Hi, Clothing Man. I think of Menus as being like pages. Pages must be unique. Pages can have sub-pages, i.e. be hierarchical. Here’s what I don’t understand. You said:
“The idea would be to have a menu with Women, Men, and Kids as the main categories then sub-categories. When a visitor hovers over women, they would see pants once they click on pants on women pants would be displayed. Same would apply for men and children. What I am trying not to do is create a sub-categories like women-pants and men-pants.”
First you said that you want Women, Men, Kids as main categories. Women would have pants as a sub-category. But then you said you DON’T want Women-pants as a sub-category?

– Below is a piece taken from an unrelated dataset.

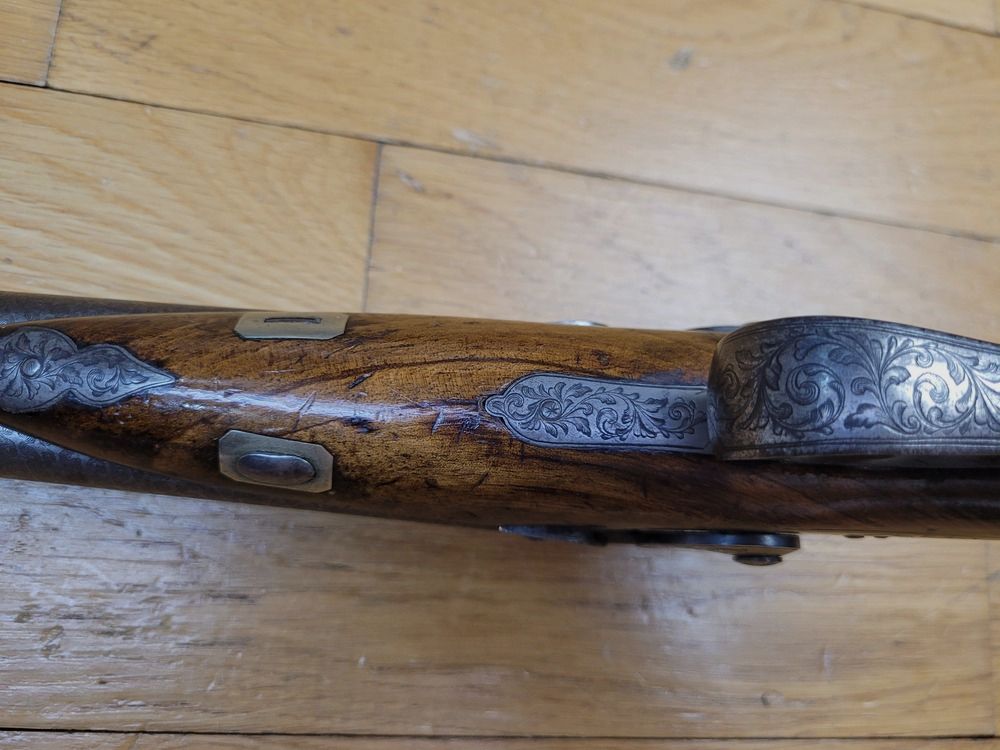 Wunderschöne Jagdpistole aus Damaststahl – Englischer Damasttyp mit sechs unüblichen Bändern – Kal. 28 – Lütticher Büchsenmacher um 1845 – Sehr schöner Renaissance-Schaft – Gravierte Pontcharra-Schlösser – Übereinanderliegende Läufe mit Haken – Ruten aus Walfischbein und Elfenbein – Ausgezeichneter Zustand!, Bild 10 von 25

If no sub-categories: If your WordPress theme allows it, you can make 3 Menus/Pages across the top of your static landing page, named Men, Women, Children. You could then make multiple sub-pages associated with each of the 3. So there would be a high-level Women page, and under that, there would be a drop-down with the choice of Pants, Skirts, or Jackets. Each would be a sub-page. Same for Men and Children, except Men probably wouldn’t have Skirts but Children might.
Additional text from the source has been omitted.